▶ _RECORD SET_:
○ ○ ○ ○ ○

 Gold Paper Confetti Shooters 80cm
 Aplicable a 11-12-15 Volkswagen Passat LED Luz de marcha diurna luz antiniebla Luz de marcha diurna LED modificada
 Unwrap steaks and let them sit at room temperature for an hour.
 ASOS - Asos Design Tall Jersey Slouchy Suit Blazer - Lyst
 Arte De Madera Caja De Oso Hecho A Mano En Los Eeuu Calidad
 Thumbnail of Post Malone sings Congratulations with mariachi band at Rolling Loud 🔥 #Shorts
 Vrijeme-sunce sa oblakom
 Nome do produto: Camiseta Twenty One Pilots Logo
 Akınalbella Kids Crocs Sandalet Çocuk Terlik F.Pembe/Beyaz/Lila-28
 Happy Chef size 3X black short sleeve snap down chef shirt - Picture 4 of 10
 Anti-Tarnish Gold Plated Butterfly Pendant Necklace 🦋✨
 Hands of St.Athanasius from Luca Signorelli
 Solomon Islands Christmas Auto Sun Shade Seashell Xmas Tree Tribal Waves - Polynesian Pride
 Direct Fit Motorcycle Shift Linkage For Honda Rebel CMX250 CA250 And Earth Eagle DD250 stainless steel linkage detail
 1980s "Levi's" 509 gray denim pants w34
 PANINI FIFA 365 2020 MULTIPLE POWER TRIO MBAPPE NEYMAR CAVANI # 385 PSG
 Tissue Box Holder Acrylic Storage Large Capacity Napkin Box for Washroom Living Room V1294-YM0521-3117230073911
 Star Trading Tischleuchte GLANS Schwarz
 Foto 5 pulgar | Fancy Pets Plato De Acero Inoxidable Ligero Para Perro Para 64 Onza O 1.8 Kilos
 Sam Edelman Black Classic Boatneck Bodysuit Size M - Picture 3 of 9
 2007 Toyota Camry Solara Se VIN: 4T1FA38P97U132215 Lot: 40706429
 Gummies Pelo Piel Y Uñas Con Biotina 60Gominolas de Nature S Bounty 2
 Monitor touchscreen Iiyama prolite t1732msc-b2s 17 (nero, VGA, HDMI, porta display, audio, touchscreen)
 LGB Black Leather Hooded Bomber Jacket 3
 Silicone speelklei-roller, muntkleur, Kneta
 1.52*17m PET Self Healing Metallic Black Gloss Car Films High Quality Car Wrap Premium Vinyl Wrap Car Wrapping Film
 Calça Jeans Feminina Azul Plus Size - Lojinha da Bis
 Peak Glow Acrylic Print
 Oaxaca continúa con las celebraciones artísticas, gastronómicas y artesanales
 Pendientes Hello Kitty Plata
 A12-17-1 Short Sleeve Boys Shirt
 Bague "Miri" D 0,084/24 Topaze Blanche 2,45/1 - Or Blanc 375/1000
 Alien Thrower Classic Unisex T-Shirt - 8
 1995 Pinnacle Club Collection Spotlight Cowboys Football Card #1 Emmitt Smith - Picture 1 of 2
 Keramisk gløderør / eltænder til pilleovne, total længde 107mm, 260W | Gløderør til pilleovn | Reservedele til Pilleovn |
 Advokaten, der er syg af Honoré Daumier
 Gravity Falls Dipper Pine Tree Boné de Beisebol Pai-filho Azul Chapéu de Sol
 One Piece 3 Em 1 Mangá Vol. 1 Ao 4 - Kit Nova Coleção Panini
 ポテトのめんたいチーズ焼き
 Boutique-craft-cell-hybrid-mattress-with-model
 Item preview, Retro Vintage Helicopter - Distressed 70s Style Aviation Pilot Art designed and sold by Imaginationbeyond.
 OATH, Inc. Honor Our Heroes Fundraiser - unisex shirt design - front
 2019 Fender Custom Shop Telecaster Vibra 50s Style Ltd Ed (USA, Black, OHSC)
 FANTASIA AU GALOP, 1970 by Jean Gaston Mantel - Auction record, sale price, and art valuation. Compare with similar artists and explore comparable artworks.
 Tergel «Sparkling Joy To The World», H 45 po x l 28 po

○ ○ ○ ○ ○

▶ _PROBLEM DESCRIPTION_: Reproduce the entries above exactly, starting at their first line and finishing with the line that contains "2007 Toyota Camry".

▶ _EXPECTED ANSWER_:
 Gold Paper Confetti Shooters 80cm
 Aplicable a 11-12-15 Volkswagen Passat LED Luz de marcha diurna luz antiniebla Luz de marcha diurna LED modificada
 Unwrap steaks and let them sit at room temperature for an hour.
 ASOS - Asos Design Tall Jersey Slouchy Suit Blazer - Lyst
 Arte De Madera Caja De Oso Hecho A Mano En Los Eeuu Calidad
 Thumbnail of Post Malone sings Congratulations with mariachi band at Rolling Loud 🔥 #Shorts
 Vrijeme-sunce sa oblakom
 Nome do produto: Camiseta Twenty One Pilots Logo
 Akınalbella Kids Crocs Sandalet Çocuk Terlik F.Pembe/Beyaz/Lila-28
 Happy Chef size 3X black short sleeve snap down chef shirt - Picture 4 of 10
 Anti-Tarnish Gold Plated Butterfly Pendant Necklace 🦋✨
 Hands of St.Athanasius from Luca Signorelli
 Solomon Islands Christmas Auto Sun Shade Seashell Xmas Tree Tribal Waves - Polynesian Pride
 Direct Fit Motorcycle Shift Linkage For Honda Rebel CMX250 CA250 And Earth Eagle DD250 stainless steel linkage detail
 1980s "Levi's" 509 gray denim pants w34
 PANINI FIFA 365 2020 MULTIPLE POWER TRIO MBAPPE NEYMAR CAVANI # 385 PSG
 Tissue Box Holder Acrylic Storage Large Capacity Napkin Box for Washroom Living Room V1294-YM0521-3117230073911
 Star Trading Tischleuchte GLANS Schwarz
 Foto 5 pulgar | Fancy Pets Plato De Acero Inoxidable Ligero Para Perro Para 64 Onza O 1.8 Kilos
 Sam Edelman Black Classic Boatneck Bodysuit Size M - Picture 3 of 9
 2007 Toyota Camry Solara Se VIN: 4T1FA38P97U132215 Lot: 40706429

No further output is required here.